Gov. Dannel P. Malloy confirmed Friday that his administration has looked for ways to provide “some level of relief” from municipal property taxes on cars, but he wouldn’t say whether it would be included in the new budget he will propose to legislators Wednesday.
“I have looked at opportunities to bring some level of relief, but they are few and far between,” Malloy said in response to a question from a Capitol reporter.
When pressed about whether he would propose a plan to reduce or end the unpopular car tax, the governor only repeated that opportunities for change “are few and far between under the circumstances that we’re dealing with.”
Those “circumstances” are a projected $1.2 billion shortfall built into the coming fiscal year based on current spending and revenue trends, a gap equal to about 6 percent of annual operating costs.
“Hey listen, I’m not presenting the budget today,” the governor said, before he quickly corrected himself and noted that further details could appear in news reports in the coming days.
“As is tradition, some parts of it get somehow leaked,” he said coyly. “I don’t know how that happens.”

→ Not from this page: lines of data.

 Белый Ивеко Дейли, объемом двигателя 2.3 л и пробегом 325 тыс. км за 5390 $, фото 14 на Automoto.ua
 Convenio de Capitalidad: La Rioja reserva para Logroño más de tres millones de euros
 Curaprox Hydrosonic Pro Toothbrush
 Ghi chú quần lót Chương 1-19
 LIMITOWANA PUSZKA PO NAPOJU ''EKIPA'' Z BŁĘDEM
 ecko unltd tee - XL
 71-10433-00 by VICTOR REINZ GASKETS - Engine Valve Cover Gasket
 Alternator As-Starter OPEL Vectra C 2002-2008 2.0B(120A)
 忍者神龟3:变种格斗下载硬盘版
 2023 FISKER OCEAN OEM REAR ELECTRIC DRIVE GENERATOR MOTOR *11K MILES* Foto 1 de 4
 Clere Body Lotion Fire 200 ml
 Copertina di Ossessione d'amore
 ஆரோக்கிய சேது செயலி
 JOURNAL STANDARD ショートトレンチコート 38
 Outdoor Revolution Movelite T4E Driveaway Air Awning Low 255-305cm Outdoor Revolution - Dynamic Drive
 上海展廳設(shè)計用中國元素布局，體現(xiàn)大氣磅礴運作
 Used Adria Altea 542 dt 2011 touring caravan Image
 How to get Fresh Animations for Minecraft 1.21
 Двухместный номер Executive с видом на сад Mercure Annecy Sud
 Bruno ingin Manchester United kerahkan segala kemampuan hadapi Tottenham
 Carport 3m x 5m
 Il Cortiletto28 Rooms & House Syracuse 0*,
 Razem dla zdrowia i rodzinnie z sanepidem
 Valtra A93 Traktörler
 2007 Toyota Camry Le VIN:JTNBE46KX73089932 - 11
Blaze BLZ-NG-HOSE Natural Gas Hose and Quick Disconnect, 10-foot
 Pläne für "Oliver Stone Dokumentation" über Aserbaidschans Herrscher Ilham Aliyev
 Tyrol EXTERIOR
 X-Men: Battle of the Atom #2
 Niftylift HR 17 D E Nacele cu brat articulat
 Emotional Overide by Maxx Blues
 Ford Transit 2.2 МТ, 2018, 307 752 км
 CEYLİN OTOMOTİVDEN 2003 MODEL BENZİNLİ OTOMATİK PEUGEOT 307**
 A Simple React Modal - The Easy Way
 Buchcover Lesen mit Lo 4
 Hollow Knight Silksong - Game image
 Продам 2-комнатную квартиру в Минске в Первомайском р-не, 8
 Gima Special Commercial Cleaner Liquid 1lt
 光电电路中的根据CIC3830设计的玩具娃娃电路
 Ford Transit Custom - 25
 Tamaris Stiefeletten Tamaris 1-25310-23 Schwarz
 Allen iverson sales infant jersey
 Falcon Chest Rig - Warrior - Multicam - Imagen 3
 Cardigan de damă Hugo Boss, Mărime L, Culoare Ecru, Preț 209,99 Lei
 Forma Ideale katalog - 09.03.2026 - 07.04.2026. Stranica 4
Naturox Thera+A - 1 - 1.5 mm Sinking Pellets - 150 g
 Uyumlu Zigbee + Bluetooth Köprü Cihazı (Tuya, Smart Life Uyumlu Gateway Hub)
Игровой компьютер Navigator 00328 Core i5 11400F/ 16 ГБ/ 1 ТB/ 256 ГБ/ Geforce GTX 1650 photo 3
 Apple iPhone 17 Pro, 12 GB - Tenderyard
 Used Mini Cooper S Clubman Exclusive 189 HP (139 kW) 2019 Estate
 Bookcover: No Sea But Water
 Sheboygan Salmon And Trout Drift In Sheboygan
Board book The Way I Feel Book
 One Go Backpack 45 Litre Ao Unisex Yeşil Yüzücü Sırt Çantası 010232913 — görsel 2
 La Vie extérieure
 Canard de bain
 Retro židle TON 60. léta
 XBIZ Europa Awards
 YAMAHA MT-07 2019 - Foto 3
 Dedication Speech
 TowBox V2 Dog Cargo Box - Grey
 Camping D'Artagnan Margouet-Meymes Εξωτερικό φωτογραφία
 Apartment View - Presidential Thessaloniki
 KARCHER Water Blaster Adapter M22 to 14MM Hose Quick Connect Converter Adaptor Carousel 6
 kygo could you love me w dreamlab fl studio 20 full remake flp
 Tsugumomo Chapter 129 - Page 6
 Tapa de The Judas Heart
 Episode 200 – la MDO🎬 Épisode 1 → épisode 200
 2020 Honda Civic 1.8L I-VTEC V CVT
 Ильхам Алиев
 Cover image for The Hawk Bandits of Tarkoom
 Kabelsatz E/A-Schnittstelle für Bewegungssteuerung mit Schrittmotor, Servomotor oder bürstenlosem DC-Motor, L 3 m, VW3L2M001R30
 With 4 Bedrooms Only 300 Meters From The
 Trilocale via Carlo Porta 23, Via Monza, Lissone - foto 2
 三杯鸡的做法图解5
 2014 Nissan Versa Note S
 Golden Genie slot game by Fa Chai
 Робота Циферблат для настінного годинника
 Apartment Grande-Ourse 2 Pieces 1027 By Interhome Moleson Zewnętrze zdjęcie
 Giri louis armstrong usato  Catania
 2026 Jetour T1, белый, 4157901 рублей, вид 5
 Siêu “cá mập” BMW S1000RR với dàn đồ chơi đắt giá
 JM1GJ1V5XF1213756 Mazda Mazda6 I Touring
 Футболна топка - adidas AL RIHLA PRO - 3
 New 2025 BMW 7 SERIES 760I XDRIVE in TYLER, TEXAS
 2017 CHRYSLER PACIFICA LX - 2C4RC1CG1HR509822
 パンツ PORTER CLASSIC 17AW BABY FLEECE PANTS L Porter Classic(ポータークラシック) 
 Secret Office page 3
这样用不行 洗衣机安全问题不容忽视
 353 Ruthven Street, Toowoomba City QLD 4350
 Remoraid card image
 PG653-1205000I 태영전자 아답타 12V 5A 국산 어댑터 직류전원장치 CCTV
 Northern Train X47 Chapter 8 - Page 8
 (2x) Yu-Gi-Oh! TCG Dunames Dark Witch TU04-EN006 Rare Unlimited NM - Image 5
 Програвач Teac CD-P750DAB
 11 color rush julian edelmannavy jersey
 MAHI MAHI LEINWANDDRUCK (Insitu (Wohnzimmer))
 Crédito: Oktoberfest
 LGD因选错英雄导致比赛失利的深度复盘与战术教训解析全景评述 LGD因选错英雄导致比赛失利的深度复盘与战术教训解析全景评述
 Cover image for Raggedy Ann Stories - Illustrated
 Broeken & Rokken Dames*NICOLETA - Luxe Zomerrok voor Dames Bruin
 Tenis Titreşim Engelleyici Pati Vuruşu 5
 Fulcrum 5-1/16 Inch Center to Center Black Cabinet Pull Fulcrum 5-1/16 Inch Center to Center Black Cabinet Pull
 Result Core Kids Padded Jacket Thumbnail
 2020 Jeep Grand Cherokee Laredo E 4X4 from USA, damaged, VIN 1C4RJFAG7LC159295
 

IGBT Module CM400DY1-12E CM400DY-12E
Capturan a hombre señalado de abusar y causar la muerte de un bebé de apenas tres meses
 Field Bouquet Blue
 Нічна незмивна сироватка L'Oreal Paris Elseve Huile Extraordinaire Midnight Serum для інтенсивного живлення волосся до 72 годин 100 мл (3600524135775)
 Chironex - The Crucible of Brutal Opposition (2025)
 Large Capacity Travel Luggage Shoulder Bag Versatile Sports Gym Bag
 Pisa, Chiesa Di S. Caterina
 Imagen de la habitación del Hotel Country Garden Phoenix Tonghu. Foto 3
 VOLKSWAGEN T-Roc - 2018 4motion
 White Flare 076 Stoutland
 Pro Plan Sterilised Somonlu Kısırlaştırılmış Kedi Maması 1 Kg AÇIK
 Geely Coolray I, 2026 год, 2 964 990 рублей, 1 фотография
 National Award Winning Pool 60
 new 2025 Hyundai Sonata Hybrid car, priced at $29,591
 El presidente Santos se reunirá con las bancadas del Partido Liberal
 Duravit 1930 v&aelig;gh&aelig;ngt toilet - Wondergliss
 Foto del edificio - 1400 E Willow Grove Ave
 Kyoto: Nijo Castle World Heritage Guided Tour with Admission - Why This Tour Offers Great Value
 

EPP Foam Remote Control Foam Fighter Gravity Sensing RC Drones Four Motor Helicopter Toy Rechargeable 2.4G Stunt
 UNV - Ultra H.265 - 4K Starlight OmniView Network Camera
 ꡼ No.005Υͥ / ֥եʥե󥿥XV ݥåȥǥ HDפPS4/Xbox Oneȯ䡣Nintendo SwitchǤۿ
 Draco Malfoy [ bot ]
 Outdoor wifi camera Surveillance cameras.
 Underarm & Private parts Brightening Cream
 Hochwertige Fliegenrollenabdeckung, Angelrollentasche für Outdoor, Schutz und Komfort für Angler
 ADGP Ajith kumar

Because the governor’s annual budget typically contains several high-profile initiatives, administrations typically unveil several of them beforehand, rather than have them all compete for limited news coverage on the day the full budget is unveiled.
After learning from a source that the administration had studied options to lessen the municipal property tax burden, The Mirror reported Thursday that past governors faced with difficult budget proposals had tried to work in a high-profile tax cut to cushion other fiscal pain.
Former Gov. M. Jodi Rell offered a plan in 2007 to phase out the car tax across five years.
Rell, whose biennial budget plan sought to raise $1.3 billion in income taxes, would have sent $300 million of that back to communities to offset the lost property tax revenue, and another $545 million to bolster schools.